From art galleries and farm stands, to secret pop-ups it’s almost always guaranteed you’ll discover something new while strolling through New York City. One day while walking off lunch before heading back to the office, I came across a new pop-up that couldn’t be missed from the sidewalk. With its large windows and bright neon balloon arch standing tall, I had to step in and see what was going on.
Just in time for the new school year, children’s apparel brand Rockets of Awesome opened their first-ever physical pop-up experience in the heart of the Flat Iron District. Stepping inside, I was immediately immersed in a rainbow, fantasy land showcasing the brands neon-colored clothing line chock full of kid-friendly activities and touchpoints.

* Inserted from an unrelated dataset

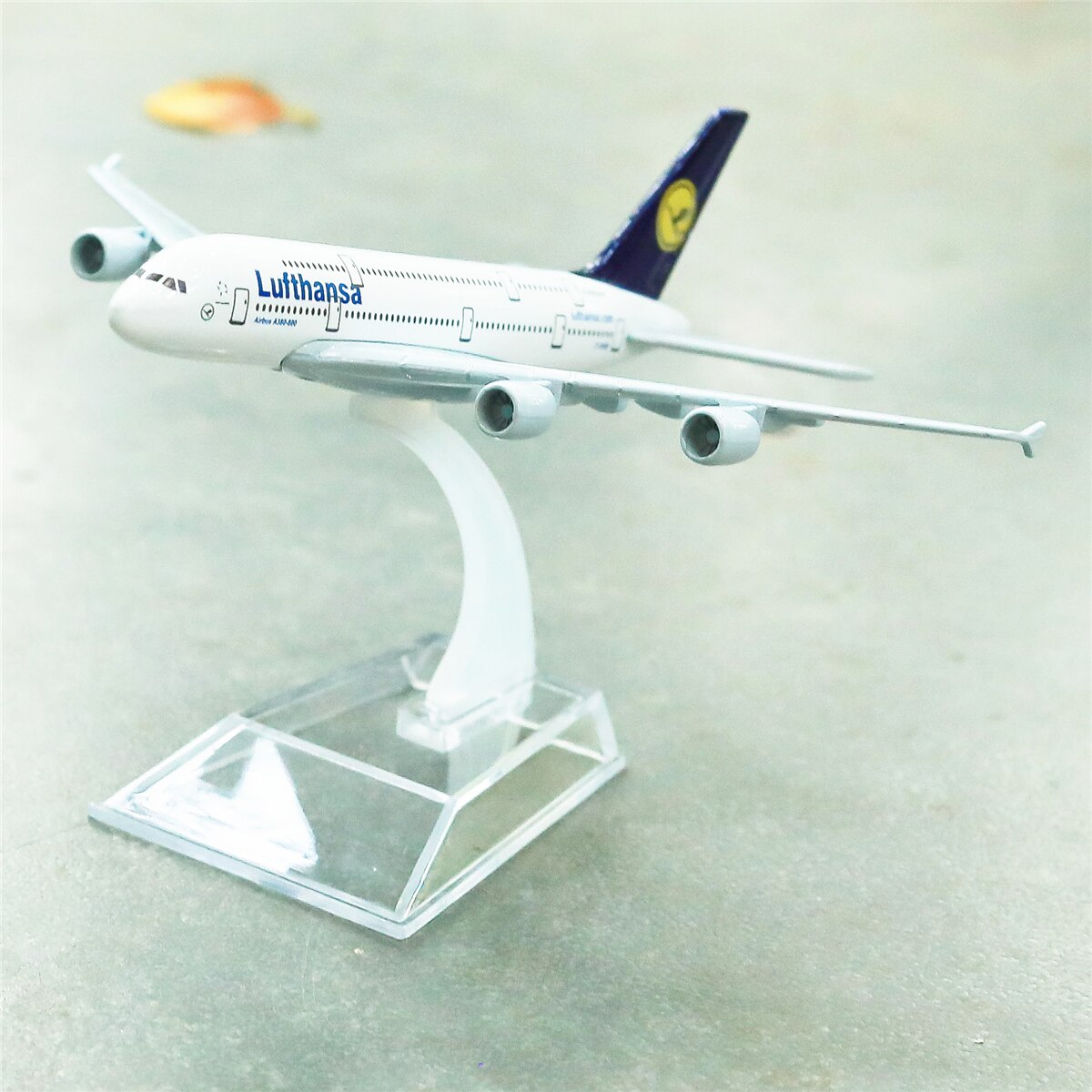 Ornamento di Souvenir in miniatura da collezione per aviazione da 15cm in lega di aeromobili germania halal Airlines A380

After taking in the aesthetics of the space, I took a second to notice all the activity going on around me discovering a kid-friendly selfie station and centrally located “marshmallow” pit with dozens of kids having way more fun than me (If I were still pint-sized that pit would be calling my name!). After walking around, I realized that the experience wasn’t just for parents like most children’s clothing retail is, this one was designed with kids in mind too. While little ones enjoyed the marshmallow pit, DIY patching station, and getting photos with their besties, parents were given some time to shop. Smart call by the brand giving parents a short break, but also making the experience seem fun for its true end-users.

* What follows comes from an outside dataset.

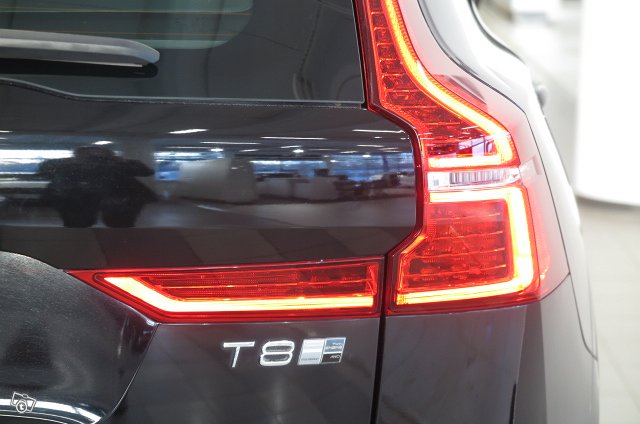 VOLVO XC60 6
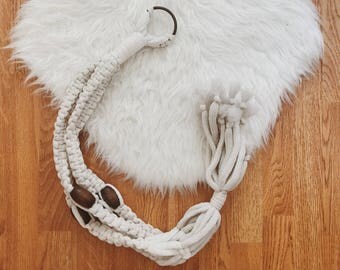 Vintage macrame plant holder | vintage macrame planter | 70s macrame plant holder | white acrylic macrame | white hanging macrame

Moving on from one display and activity to the next, I found myself swooning over all the little details the designers managed to squeeze into the experience. Floor to ceiling mirrors were decorated with kid eye-level graphics (no more than 3ft up the mirror) read “you look great” or “flossing zone.” At a low sitting bar, kids could pick from buckets of patches to add to their Rocket of Awesome jackets or jeans. It’s not a surprise I left wishing they had one these neon pink bomber jackets in my size.
Overall, I give the Rockets of Awesome NYC Pop-Up a thumbs up. It’s not only a great example of experiential retail done well, but a pop-up done well. While some pop-ups only feel like a pop-up, this one had several layers of programming, visual merchandising, and activities.